“Ünlü olunca herkesin sizi sevdiğini, bunun sonsuza kadar süreceğini sanıyorsunuz. Bu doğru değil.” Barry Gibb
Bee Gees çok seveni, bir o kadar nefret edeni olan, bugün az çok unutulmuş bir grup. HBO’da 12 Aralık’ta yayınlanan Bee Gees: How Can You Mend a Broken Heart ise, Bee Gees’in yalnızca disko hitlerinden ibaret bir grup olmadığını, usta şarkı yazarlarından ve her devre uyum sağlayabilme becerisinde müzisyenlerden oluştuğunu anlatan Frank Marshall yapımı yeni bir belgesel film.
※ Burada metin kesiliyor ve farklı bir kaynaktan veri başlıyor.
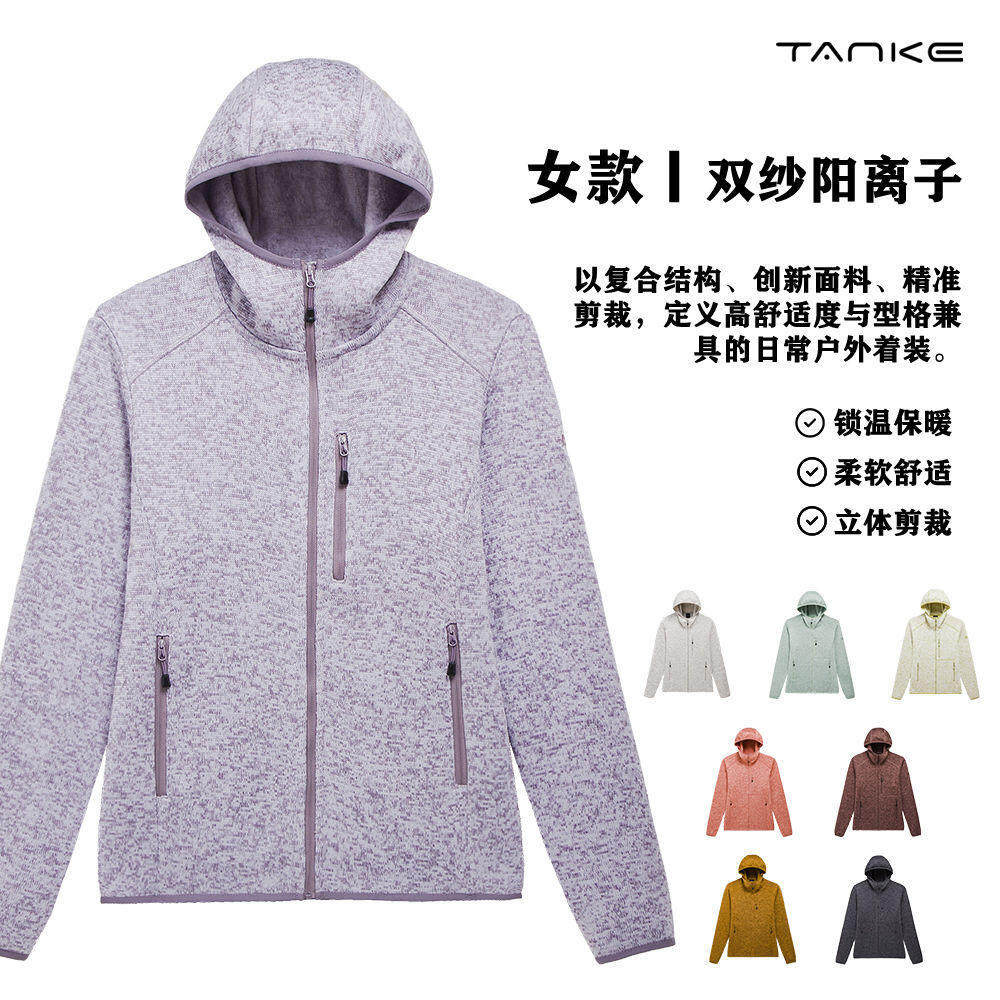 秋冬女款阳离子保暖连帽抓绒外套图片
Frank Marshall, Bee Gees’in yaşayan son üyesi Barry Gibb’in yanı sıra Eric Clapton, Noel Gallagher, Chris Martin (Coldplay) ve Justin Timberlake gibi müzisyenler ile yaptığı güncel röportajların dışında, geniş bir arşivden faydalanarak, grubun başarılarını ve düşüşlerini 60’lar, 70’ler, 80’ler pop müziği kronolojisiyle birlikte anlatıyor. Nights on Broadway şarkısının nasıl Ahmet Ertegün’ün dokunuşuyla değiştiğini, Barry’nin alamet-i farikası falsettoyu (Staying Alive’daki o tiz şarkı söyleme tekniği yani), Arif Mardin’in grubun kişiliğini bulması yönündeki katkılarını, ve çok daha fazlasını bu belgeselde izleyeceksiniz.
Filmde, Avustralya’da büyüyen ve hepsi kardeş olan grup üyelerinin ardından ebeveynleriyle birlikte İngiltere’ye gelip menajerleri Robert Stigwood ile birlikte çalışmaya başlamalarıyla ünlenmeleri, ardından uluslararası ün kazanmaları ve Saturday Night Fever ile elde ettikleri olağanüstü başarıya tanık oluyoruz.
Bee Gees’in en dokunaklı şarkılarından How Can You Mend a Broken Heart ile aynı adı taşıyan bu belgeselin, aile üyelerinin onayını ve yardımlarını alarak yapıldığı için bir anlamda fazla uzlaşmacı olduğu söylenebilir; belgesel Bee Gees üyelerinin özel hayatına çok dikkatli yaklaşıyor, bu anlamda kafadan hınçlı ve tepkili insanların aradıklarını pek bulamayacağını söylemeliyim. Diğer yandan pop gök kubbesinde Bee Gees’in nereye oturduğunu anlatması bakımından bir müzikseveri haydi haydi tatmin eder bence. Özellikle Barry ve Robin’in nerelerde ayrıldığı, nerelerde buluştuğunu ve iki kardeşin arasındaki çekişmeyi hem saygılı hem de açık olarak anlattığını düşünüyorum.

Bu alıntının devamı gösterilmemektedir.